### The data ###

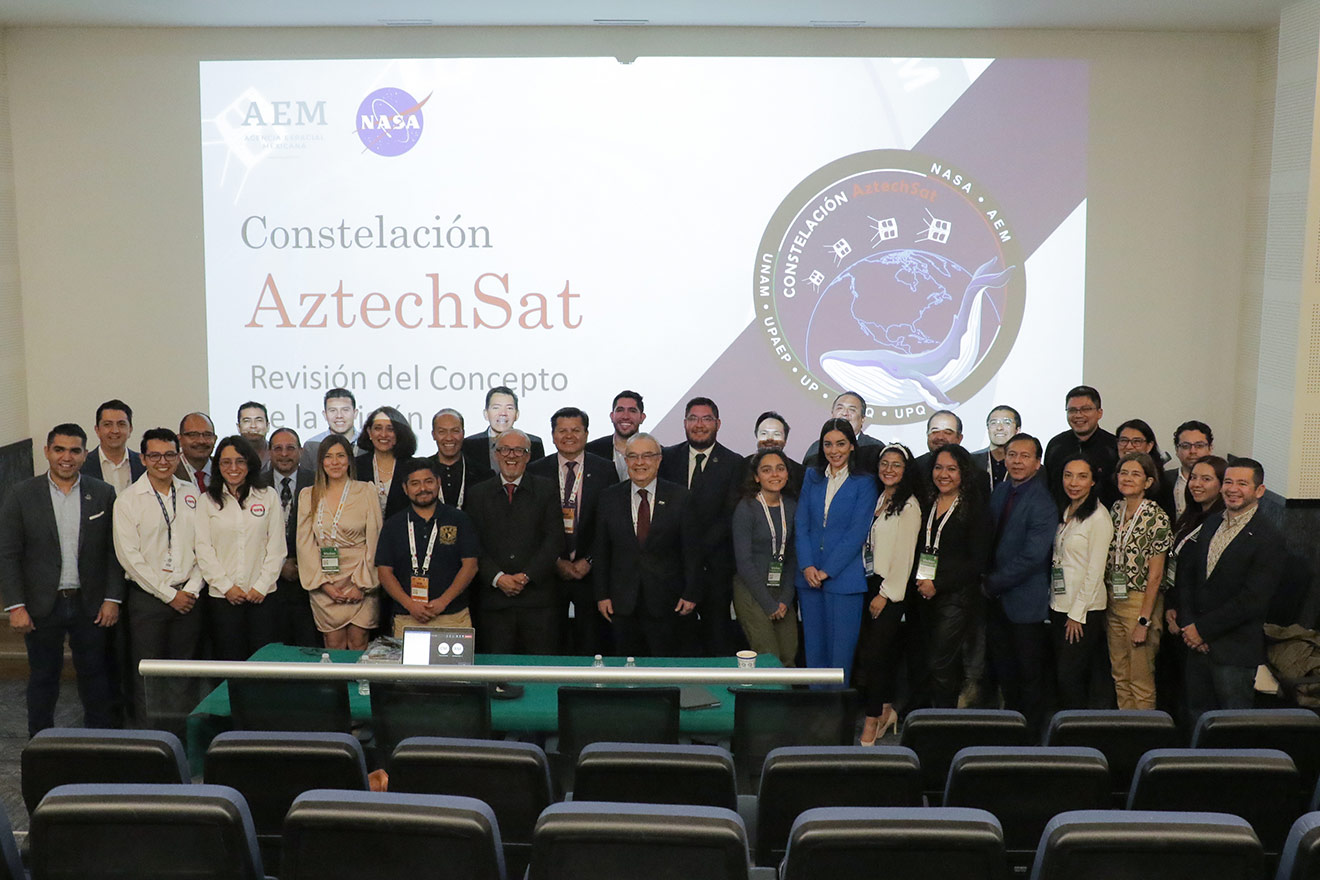 AEM y la Panamericana presentan ante NASA AztechSat II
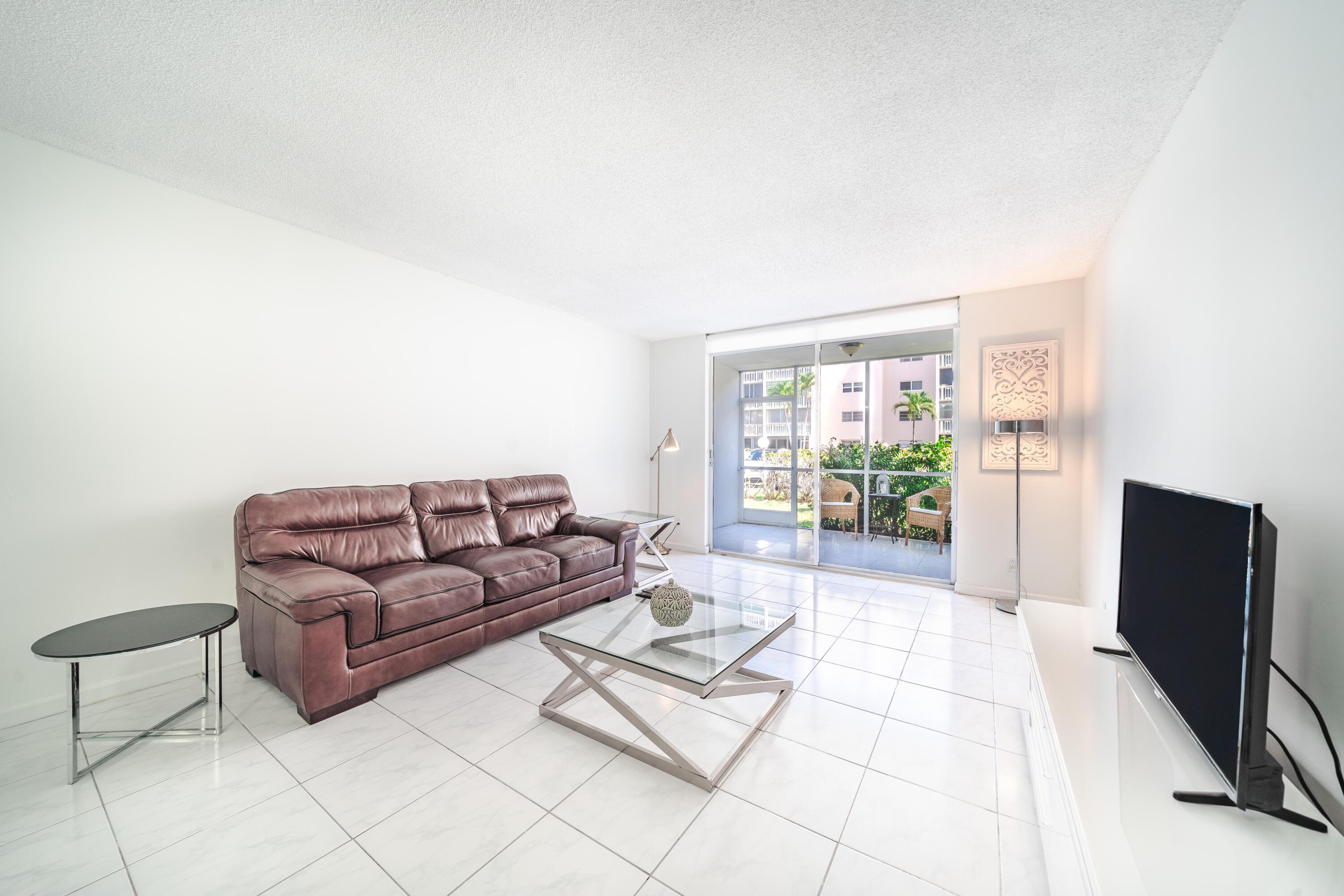 501 NE 14TH Avenue 103, Hallandale Beach, FL 33009, Hallandale Beach - Photo 5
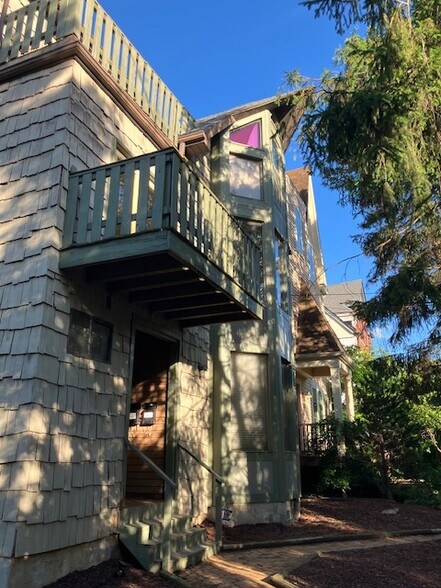 Front Balcony View - 721 Ivy St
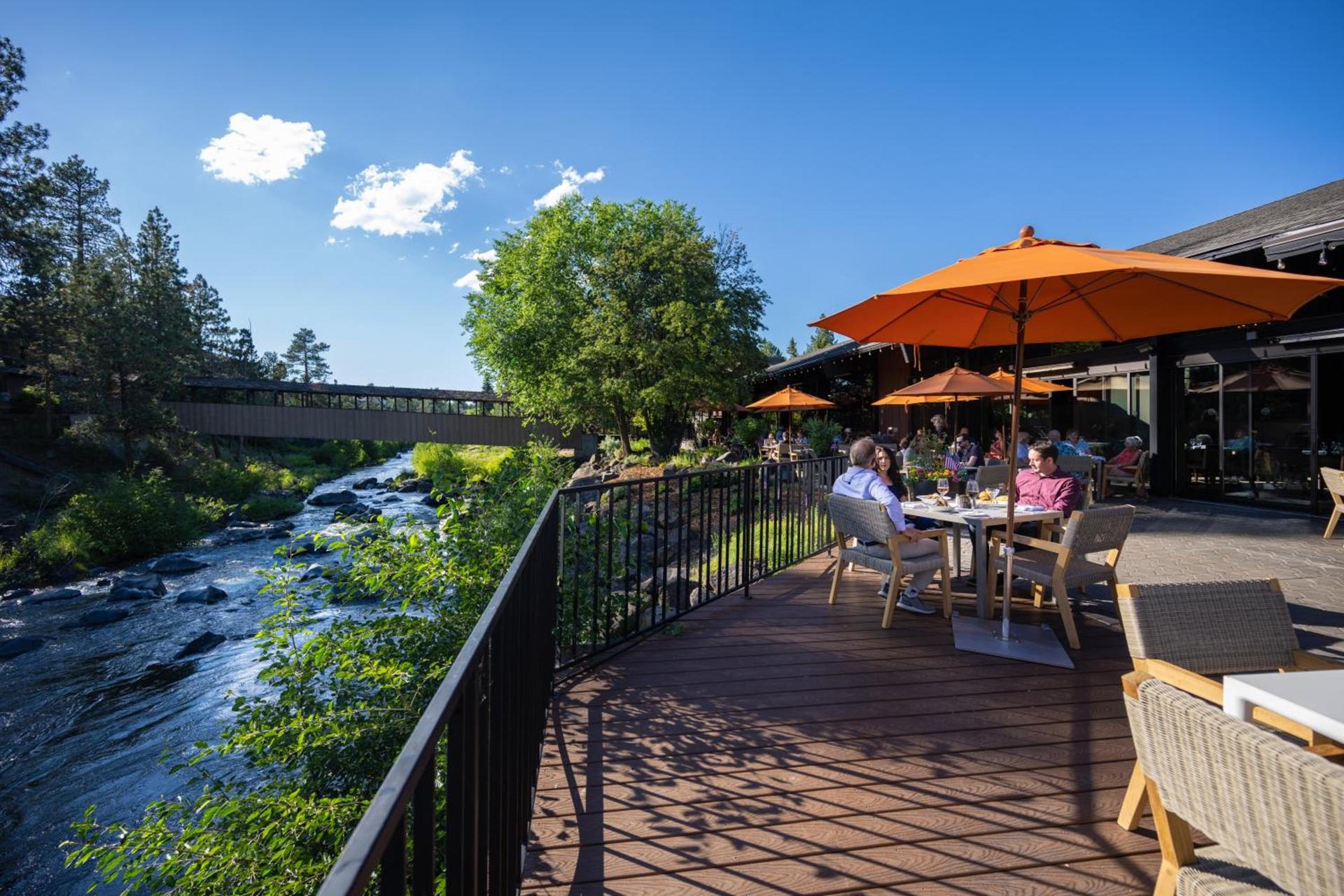 Riverhouse Lodge photo 8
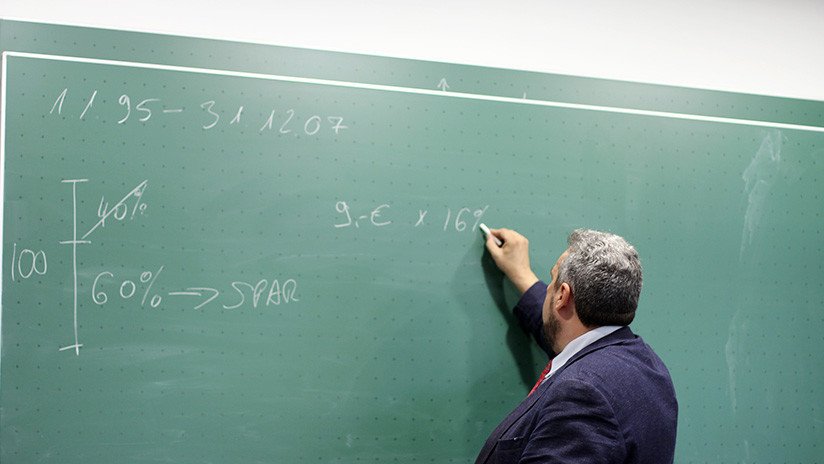 Las 'ecuaciones de amor' de un profesor de matemáticas recorrieron el mundo pero le hicieron perder su empleo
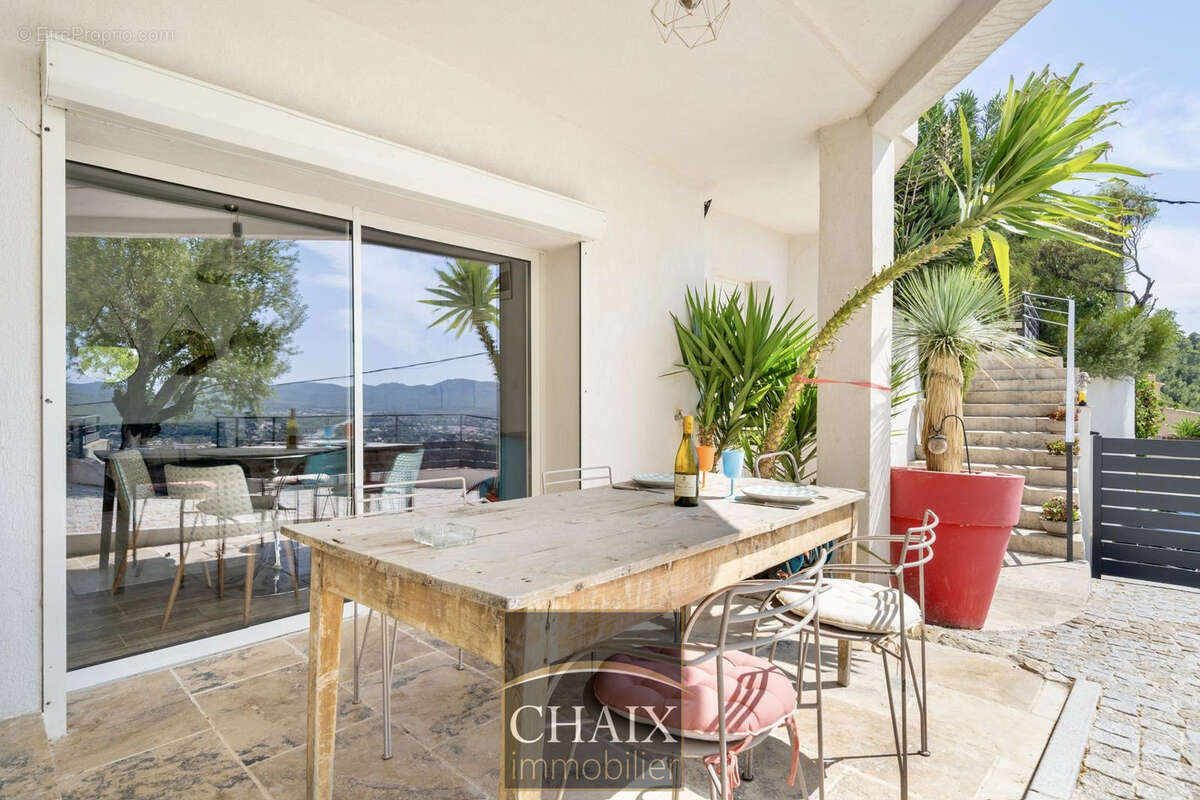 Belle contemporaine avec vue mer - appartement indépendant- piscine - garage - photo 26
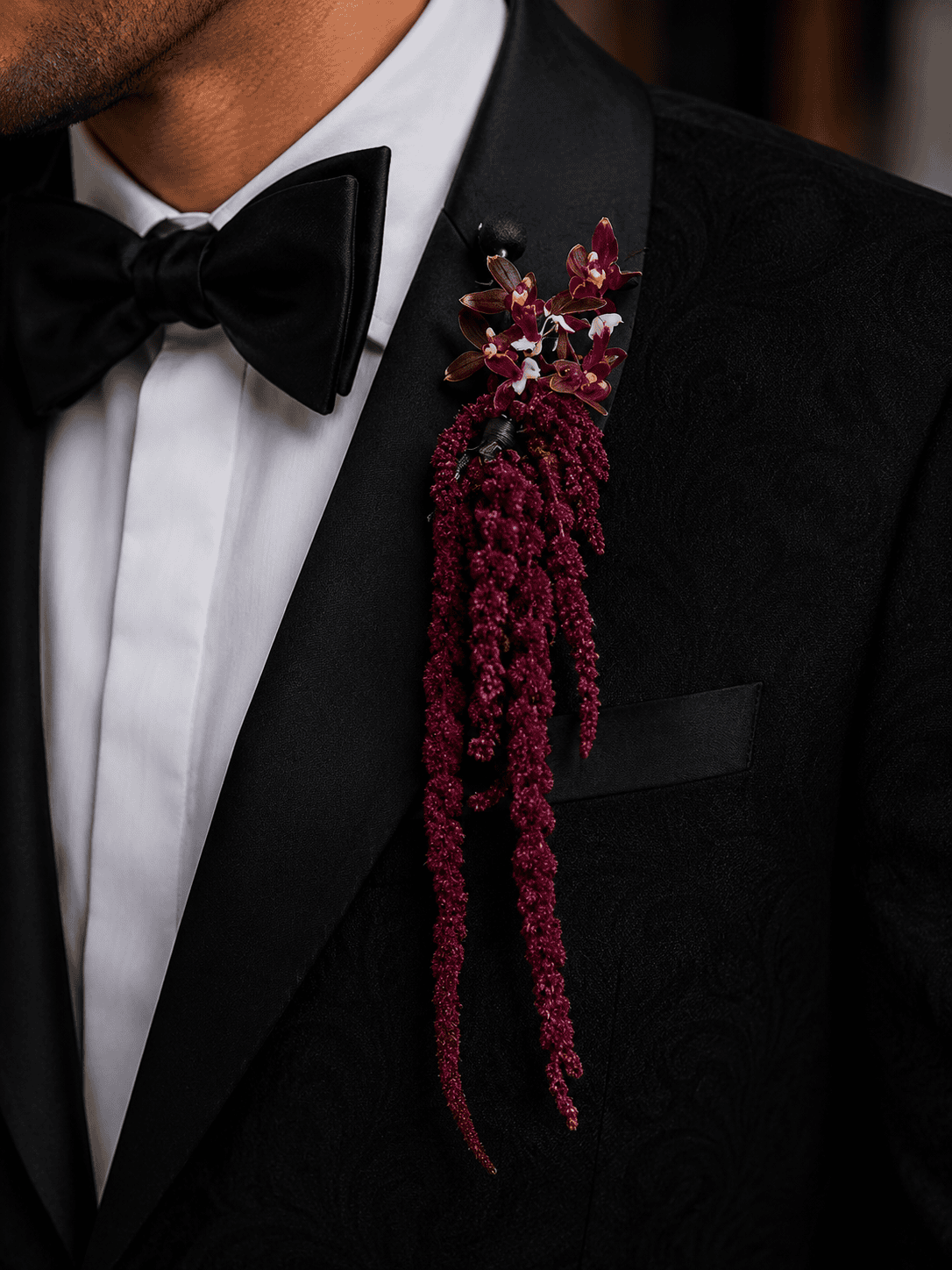 Velvet Noir – Luxury Cascading Bridal Bouquet - Image 2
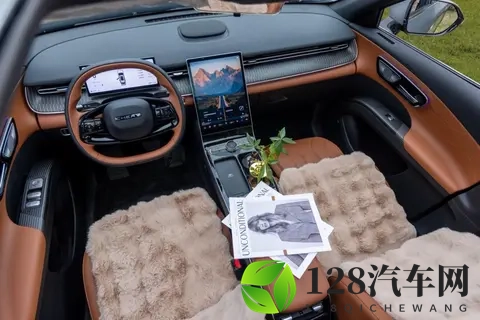 第五代瑞虎8售价929万元起 5款车型怎么选最划算？-3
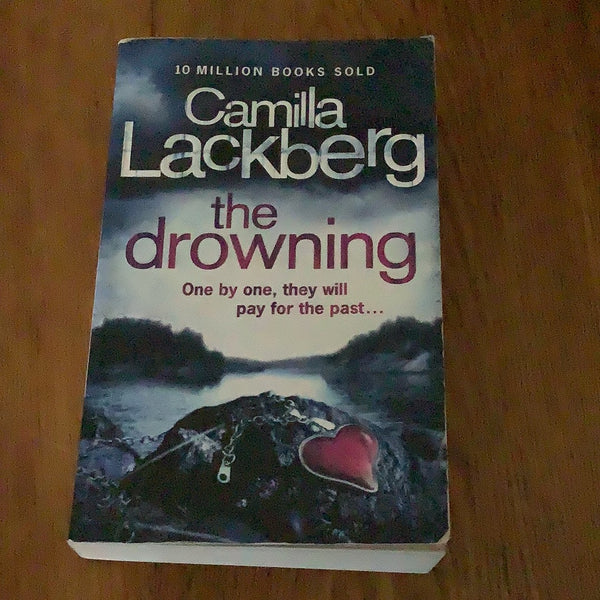 Drowning. Camilla Lackberg. 2012.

###

** Your task **
Transcribe every line from the records above without alteration, and leave out the images.

** Response to the task **
 AEM y la Panamericana presentan ante NASA AztechSat II
 501 NE 14TH Avenue 103, Hallandale Beach, FL 33009, Hallandale Beach - Photo 5
 Front Balcony View - 721 Ivy St
 Riverhouse Lodge photo 8
 Las 'ecuaciones de amor' de un profesor de matemáticas recorrieron el mundo pero le hicieron perder su empleo
 Belle contemporaine avec vue mer - appartement indépendant- piscine - garage - photo 26
 Velvet Noir – Luxury Cascading Bridal Bouquet - Image 2
 第五代瑞虎8售价929万元起 5款车型怎么选最划算？-3
 Drowning. Camilla Lackberg. 2012.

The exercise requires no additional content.